**WORK TASK**
Search the records for the word "from" and copy each line in which it appears.

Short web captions
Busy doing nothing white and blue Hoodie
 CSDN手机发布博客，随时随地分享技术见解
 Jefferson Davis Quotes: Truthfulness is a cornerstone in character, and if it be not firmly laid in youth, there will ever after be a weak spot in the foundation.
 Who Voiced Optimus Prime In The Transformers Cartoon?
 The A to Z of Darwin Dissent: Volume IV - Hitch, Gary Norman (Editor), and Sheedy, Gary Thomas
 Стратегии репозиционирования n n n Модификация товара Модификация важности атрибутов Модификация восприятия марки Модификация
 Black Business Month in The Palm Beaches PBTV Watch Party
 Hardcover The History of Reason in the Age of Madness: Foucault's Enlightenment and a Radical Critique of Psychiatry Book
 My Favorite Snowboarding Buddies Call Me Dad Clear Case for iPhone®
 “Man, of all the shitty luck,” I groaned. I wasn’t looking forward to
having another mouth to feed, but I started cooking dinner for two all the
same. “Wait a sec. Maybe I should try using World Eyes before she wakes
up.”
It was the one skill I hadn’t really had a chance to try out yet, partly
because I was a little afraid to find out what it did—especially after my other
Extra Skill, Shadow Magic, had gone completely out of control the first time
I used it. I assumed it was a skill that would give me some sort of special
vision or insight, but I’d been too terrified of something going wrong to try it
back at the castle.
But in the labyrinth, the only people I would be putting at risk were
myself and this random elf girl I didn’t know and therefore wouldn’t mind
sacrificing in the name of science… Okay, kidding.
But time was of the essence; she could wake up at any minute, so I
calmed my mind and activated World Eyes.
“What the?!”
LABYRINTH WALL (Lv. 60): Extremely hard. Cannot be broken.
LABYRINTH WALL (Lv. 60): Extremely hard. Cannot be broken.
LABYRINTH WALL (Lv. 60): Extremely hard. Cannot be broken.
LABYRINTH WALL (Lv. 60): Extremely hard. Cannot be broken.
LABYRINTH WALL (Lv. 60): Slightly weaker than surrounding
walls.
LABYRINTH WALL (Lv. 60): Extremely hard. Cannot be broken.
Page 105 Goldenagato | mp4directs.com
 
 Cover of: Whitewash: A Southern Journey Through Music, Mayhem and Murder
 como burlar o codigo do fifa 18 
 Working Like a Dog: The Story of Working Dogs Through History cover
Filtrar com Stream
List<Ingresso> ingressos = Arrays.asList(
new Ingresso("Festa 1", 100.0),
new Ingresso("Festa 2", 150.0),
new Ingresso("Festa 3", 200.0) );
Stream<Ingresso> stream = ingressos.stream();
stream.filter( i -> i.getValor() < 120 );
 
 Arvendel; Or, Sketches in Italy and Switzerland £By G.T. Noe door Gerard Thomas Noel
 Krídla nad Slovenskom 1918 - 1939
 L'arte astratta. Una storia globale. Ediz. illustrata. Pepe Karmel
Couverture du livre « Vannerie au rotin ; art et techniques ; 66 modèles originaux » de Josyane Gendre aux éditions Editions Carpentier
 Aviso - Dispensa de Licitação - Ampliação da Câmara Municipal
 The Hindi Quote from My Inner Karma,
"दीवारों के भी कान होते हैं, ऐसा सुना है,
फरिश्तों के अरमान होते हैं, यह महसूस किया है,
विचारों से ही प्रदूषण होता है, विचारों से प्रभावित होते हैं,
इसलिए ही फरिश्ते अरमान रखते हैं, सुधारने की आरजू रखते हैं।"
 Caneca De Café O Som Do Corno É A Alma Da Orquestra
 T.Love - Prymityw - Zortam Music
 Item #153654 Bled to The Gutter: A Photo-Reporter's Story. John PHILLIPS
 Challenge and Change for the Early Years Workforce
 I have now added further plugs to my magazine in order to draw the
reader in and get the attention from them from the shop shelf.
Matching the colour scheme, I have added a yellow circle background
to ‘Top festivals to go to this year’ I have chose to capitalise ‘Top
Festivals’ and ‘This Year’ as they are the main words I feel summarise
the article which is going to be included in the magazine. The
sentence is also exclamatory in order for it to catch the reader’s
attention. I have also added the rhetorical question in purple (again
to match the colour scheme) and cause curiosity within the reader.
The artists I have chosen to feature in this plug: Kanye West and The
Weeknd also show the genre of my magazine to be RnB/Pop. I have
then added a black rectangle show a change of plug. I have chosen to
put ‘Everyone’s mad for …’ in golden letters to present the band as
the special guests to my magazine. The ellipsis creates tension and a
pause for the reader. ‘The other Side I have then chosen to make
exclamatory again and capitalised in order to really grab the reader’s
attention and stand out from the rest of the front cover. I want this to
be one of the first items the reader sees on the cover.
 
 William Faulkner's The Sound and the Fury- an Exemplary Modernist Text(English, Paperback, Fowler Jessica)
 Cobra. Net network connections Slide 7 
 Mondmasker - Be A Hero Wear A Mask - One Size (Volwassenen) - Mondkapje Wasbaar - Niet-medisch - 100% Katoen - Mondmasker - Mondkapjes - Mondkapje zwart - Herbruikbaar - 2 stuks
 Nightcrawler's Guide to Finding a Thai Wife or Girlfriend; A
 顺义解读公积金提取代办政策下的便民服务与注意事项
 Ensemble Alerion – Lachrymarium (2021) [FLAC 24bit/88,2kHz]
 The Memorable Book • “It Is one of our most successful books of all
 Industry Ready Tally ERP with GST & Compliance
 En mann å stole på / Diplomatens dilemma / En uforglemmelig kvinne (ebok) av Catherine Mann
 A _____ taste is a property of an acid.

**ANSWER FOR THE TASK**
 The Hindi Quote from My Inner Karma,
reader in and get the attention from them from the shop shelf.
attention and stand out from the rest of the front cover. I want this to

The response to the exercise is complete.